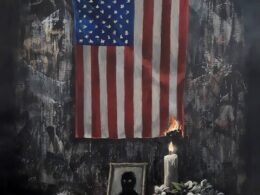 Banksy divulga arte antirracista
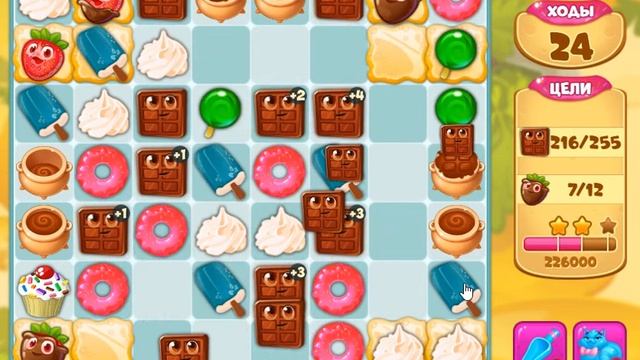Долина Сладостей 954 уровень - Candy Valley Level 954 смотреть онлайн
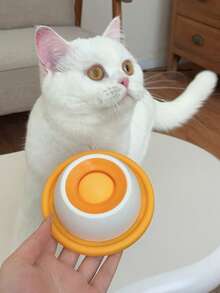 Anti-Slip Slow Feeder Bowl, Helps Pets Stay Entertained, Highly Chew-Resistant - Blue - View 5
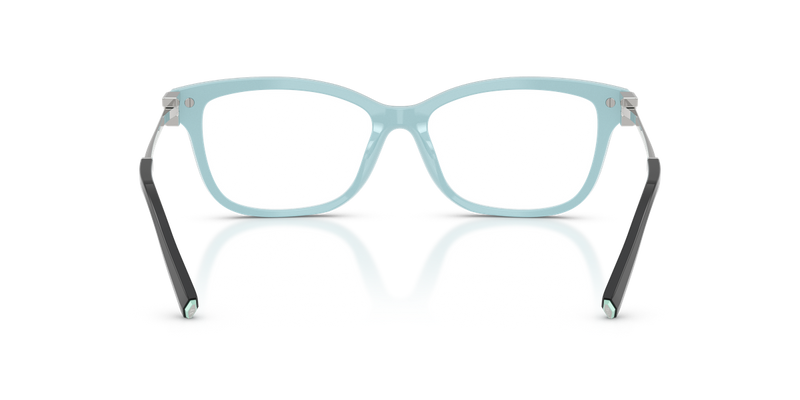 Tiffany TF2288B in Black On Tiffany Blue / Demo Lens (8055) - Alternate View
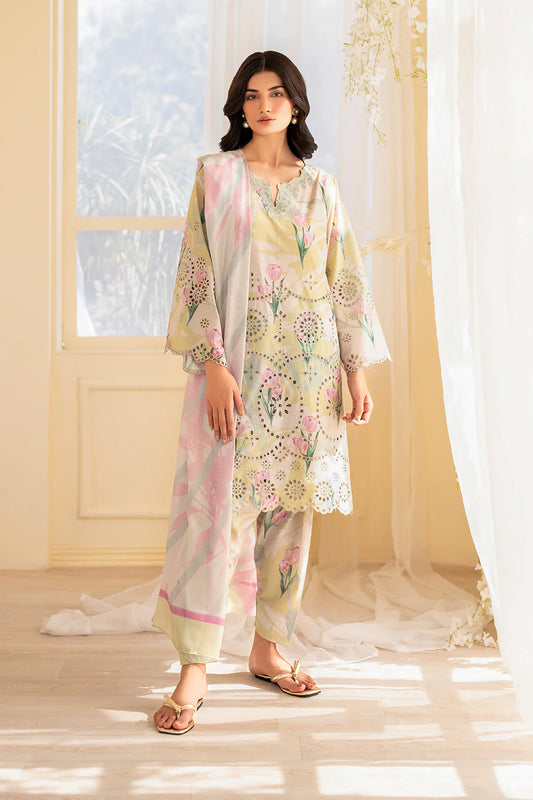 UE-440 Embroidered Printed Lawn (Pre-Order)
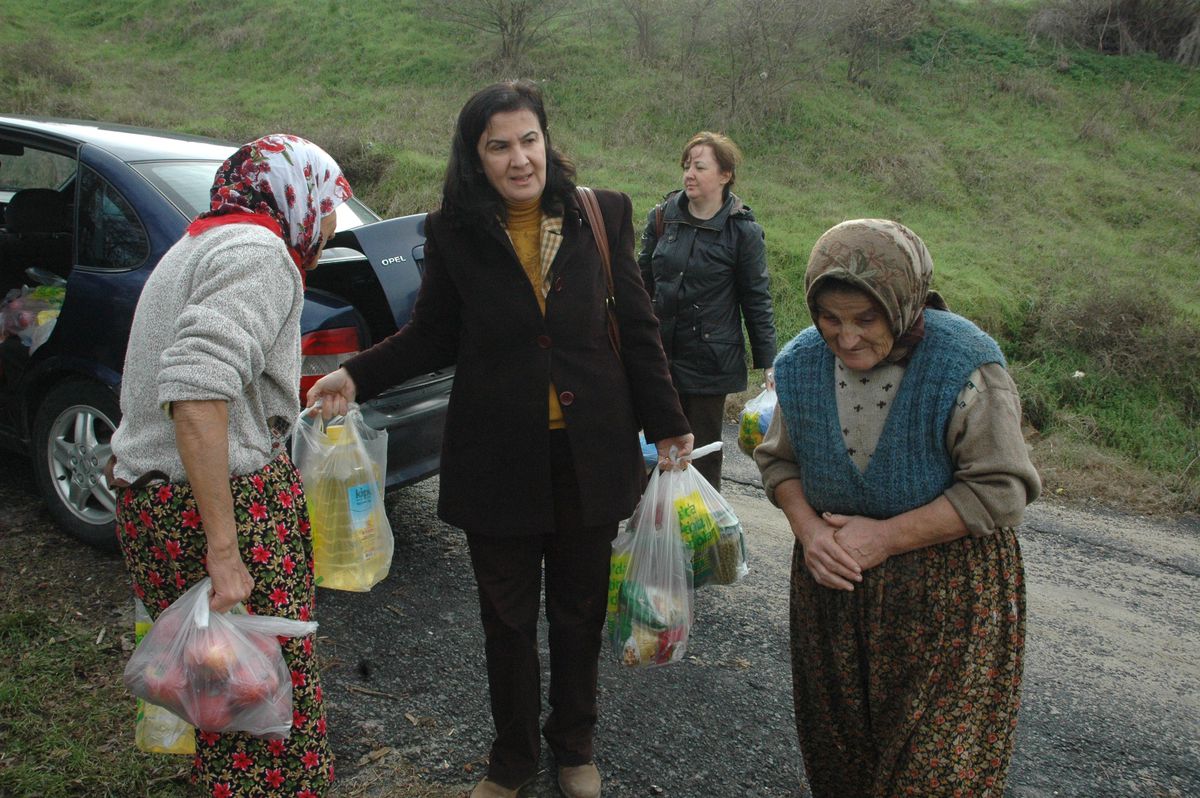Sydv Ekipleri Kaymakam Doğan\'ın Talimatını Yerine Getirdi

Activity
An exact reprint of the records above is required, with all pictures left out.

Answer to this task
 Banksy divulga arte antirracista
Долина Сладостей 954 уровень - Candy Valley Level 954 смотреть онлайн
 Anti-Slip Slow Feeder Bowl, Helps Pets Stay Entertained, Highly Chew-Resistant - Blue - View 5
 Tiffany TF2288B in Black On Tiffany Blue / Demo Lens (8055) - Alternate View
 UE-440 Embroidered Printed Lawn (Pre-Order)
Sydv Ekipleri Kaymakam Doğan\'ın Talimatını Yerine Getirdi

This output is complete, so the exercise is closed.